1. SPDR Gold Trust (GLD)
Watch GLD Because: This physically-backed ETF offers exposure to the spot price of gold bullion. Gold prices have a history of making big swings whenever the Fed, or Chairman Bernanke, offers insights and economic commentary. As such, GLD could see a surge in trading volumes on Wednesday following the latest Fed minutes. This news release will shed light on the domestic economic recovery by offering commentary from the previous Fed meeting, during which officials agreed to extend “Operation Twist.” GLD may be in for a wild trading day as investors either increase their risk appetites or flee for the safe havens, depending on how markets react to the Fed’s outlook and commentary [see also The Definitive Guide To The American Gold Eagle Coin].

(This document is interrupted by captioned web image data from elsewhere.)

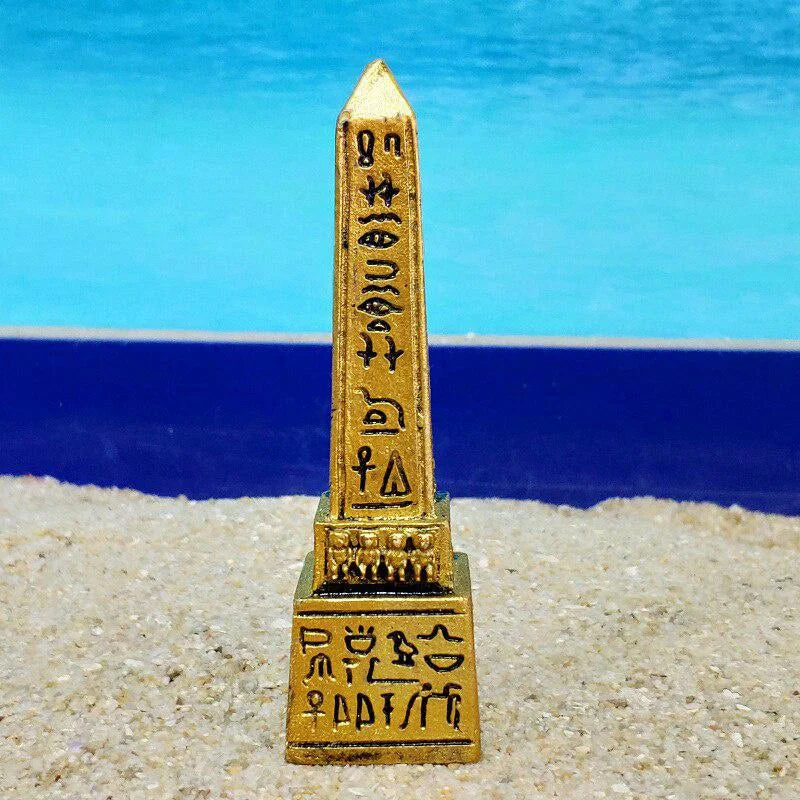 Mini Egyptian Obelisk Statue – Antique Resin Figurine Decor Decorative Figurine Axl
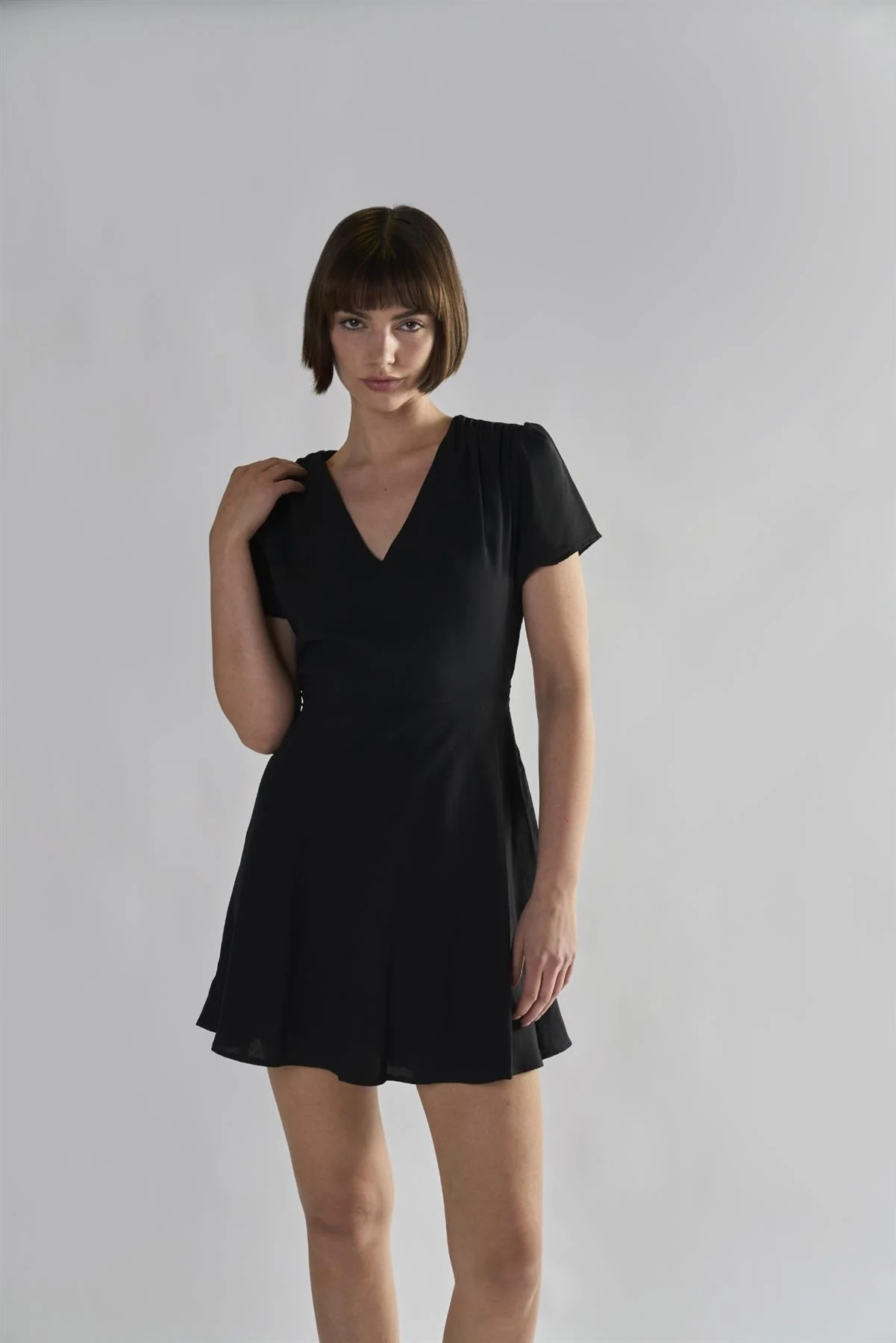 Black V-Neck Short Sleeve Mini Dress - Image 5
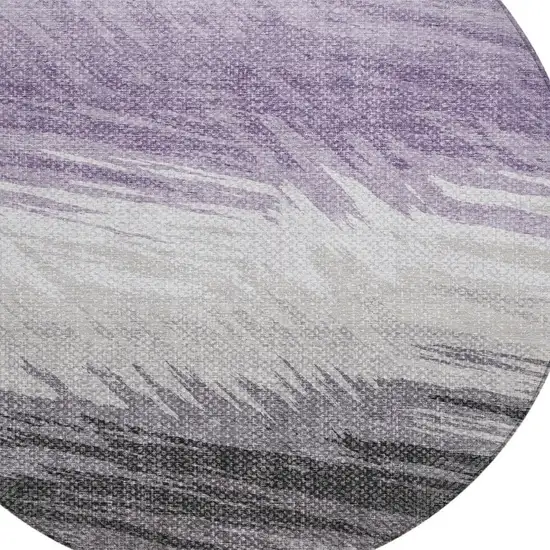 8' Lavender Ivory And Gray Round Striped Washable Indoor Outdoor Area Rug Photo 7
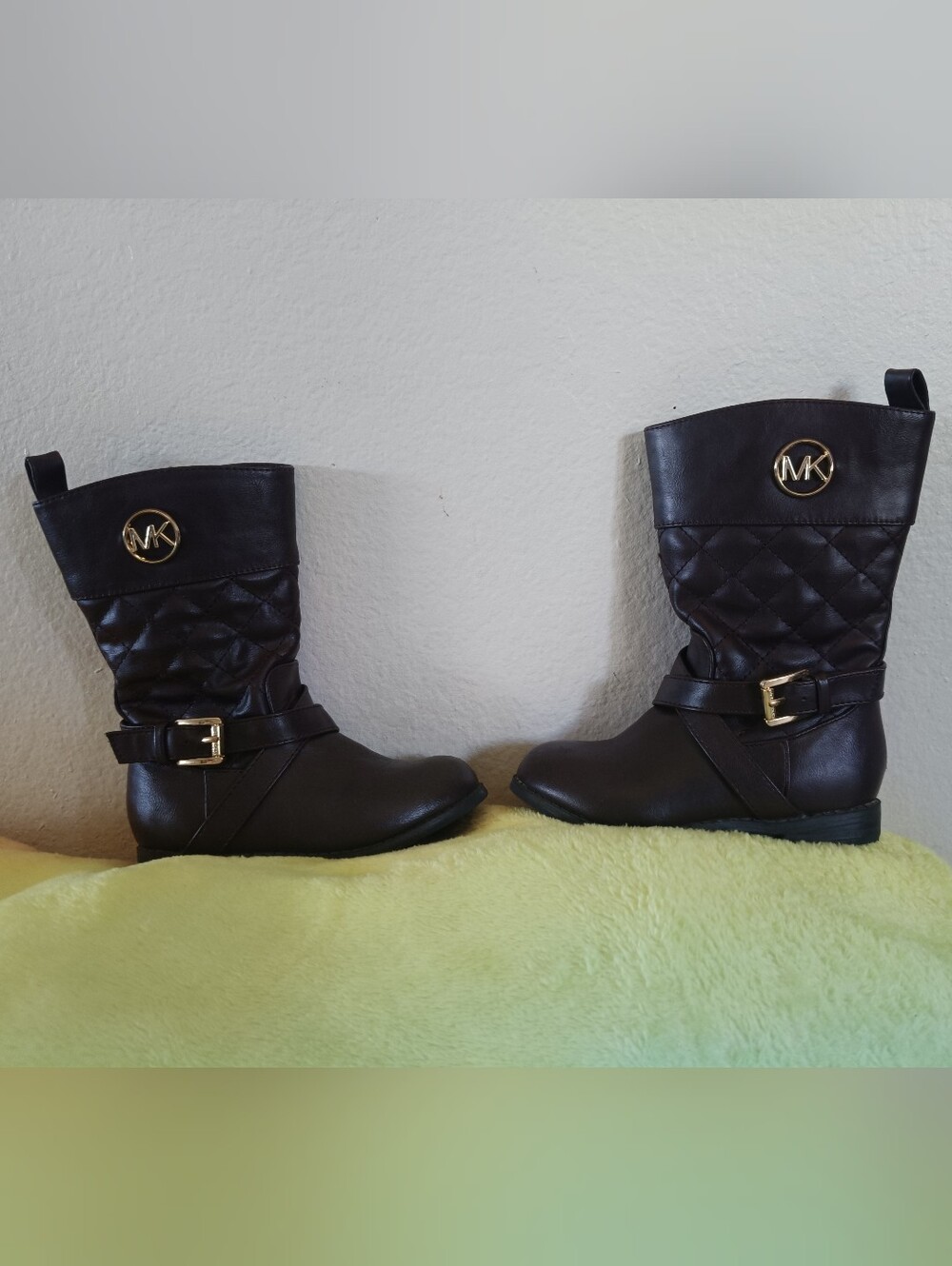 Michael Kors Girls Brown Quilted Shaft Boots with Gold MK Emblem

2. FTSE China 25 Index Fund (FXI)
Watch FXI Because: This ETF measures the performance of the 25 largest companies in the China equity market. China’s GDP is slated to come out Thursday evening, which puts FXI in focus on Friday morning at the opening bell. This ETF may very well gap in either direction depending on how investors react to the economic news overnight. Although it’s extremely popular among active traders, investors should note some of the inherent drawbacks associated with this ETF. First and foremost, the top ten holdings in FXI receive nearly two-thirds of total assets, increasing the company-specific risk associated with this product. Also, FXI is dominated by financial services companies, making it less than ideal for those who wish to establish diversified exposure over the long haul. Analysts are expecting for China’s economic growth to come in at 7.7% on a year-over-year basis, compared to the previous reading of 8.1% [see Asia-Centric ETFdb Portfolio].
3. Market Vectors Retail ETF (RTH)
Watch RTH Because: This ETF tracks an index which is comprised of the 25 largest U.S. listed, publicly-traded retail companies. Domestic consumer discretionary stocks, and retailers in particular, will come into the spotlight on Friday morning as the latest University of Michigan consumer sentiment data hits the street. Analysts are expecting for this figure to come in unchanged at 73.2, while a surprise to the upside would surely welcome buying pressures given the largely gloomy economic backdrop. Top holdings in RTH include: Wal-Mart, Amazon, Home Depot, CVS and Lowe’s [see also Shopping For A Retail ETF].
Disclosure: No positions at time of writing.